Reworking the Atlas CLI

The current CLI for Atlas was always a stopgap measure – something to let me invoke it on the command line during development. The time has come for a real user interface though. This post is really just me thinking through how this should work - it is rambly, but capturing the reasoning is helpful :-)

Project Centric

It has become apparent that Atlas is project-centric, such as git. A common and useful pattern for project centric stuff is to slap it all into a version-controllable directory, and provide a nice way to kickstart a new project. So, we have the beginning of our interactions:

$ atlas init

This will populate the current directory with a barebones atlas project, and initialize atlas’s state keeping. We’ll encourage the seperation of environment and system model, so let’s drop two files, a system model and a development environment description. As Atlas exists right now, that would be something like system.rb and env-dev.rb.

System and Environment Model Definitions

These two things, system model and environment description, are the heart of an atlas project so we want them to be front and center when you look at a project. I’d like to drop them right in the root of the project, but this conflicts with another desire – that we be able to detect and load system models and environment descriptors for a project.

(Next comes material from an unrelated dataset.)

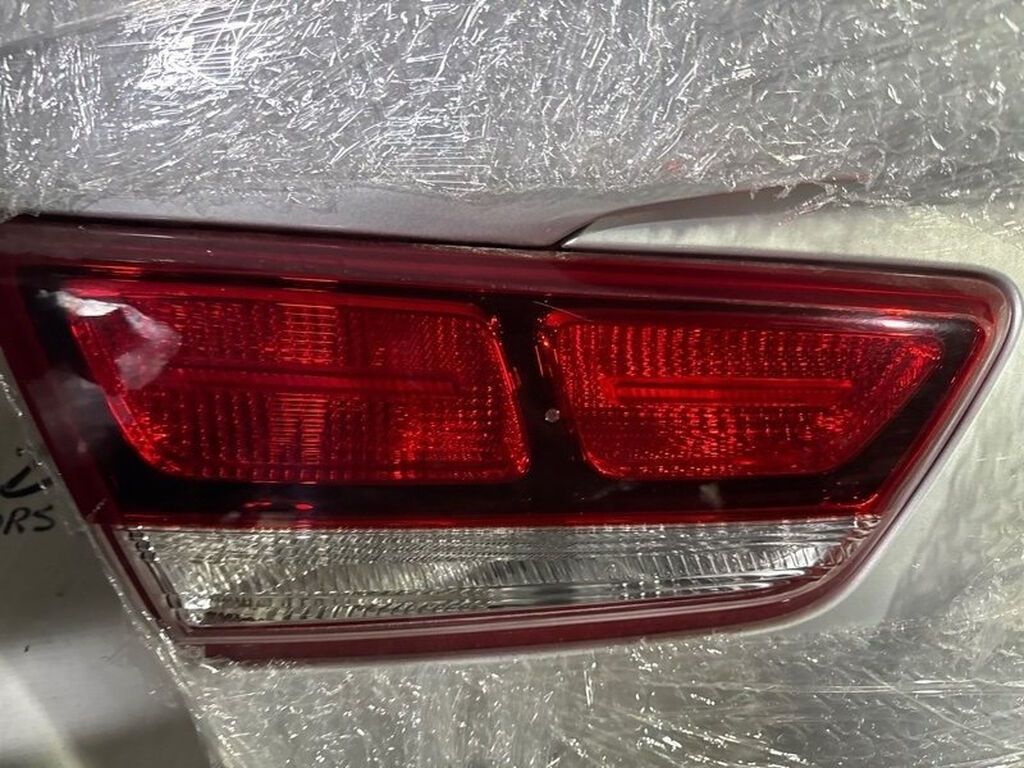 Задний левый стоп-сигнал Kia 2017 г., Б/у, Оригинал, Корея: фото 2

Once a system starts growing, but before it really has a number of teams working on it or using it, I expect it will be very common to drop all the parts of the system into one project via seperate files, organized as makes sense for the system. Right now that is awkward, any files aside from the root must be explicitely included as external elements in the system model. This works but in the case of the environment descriptor, when you have multiple environments, means checking out the project multiple times and initializing each checkout for a different environment. Yuck.

To complicate it further, it is becoming apparent that in order to make systems composable from external models (ie, if Basho were to provide a descriptor for a Riak system, or Puppet Labs for a Puppet it would be nice to just have to reference one URL for it. It is convenient to allow one file to describe both the environment and the system in this case. Additionally, it has become apparent that sometimes an environment needs to define system elements. In the EC2 case, for example, this might be creating a VPN instance so the machine running atlas can connect to instances inside a security group.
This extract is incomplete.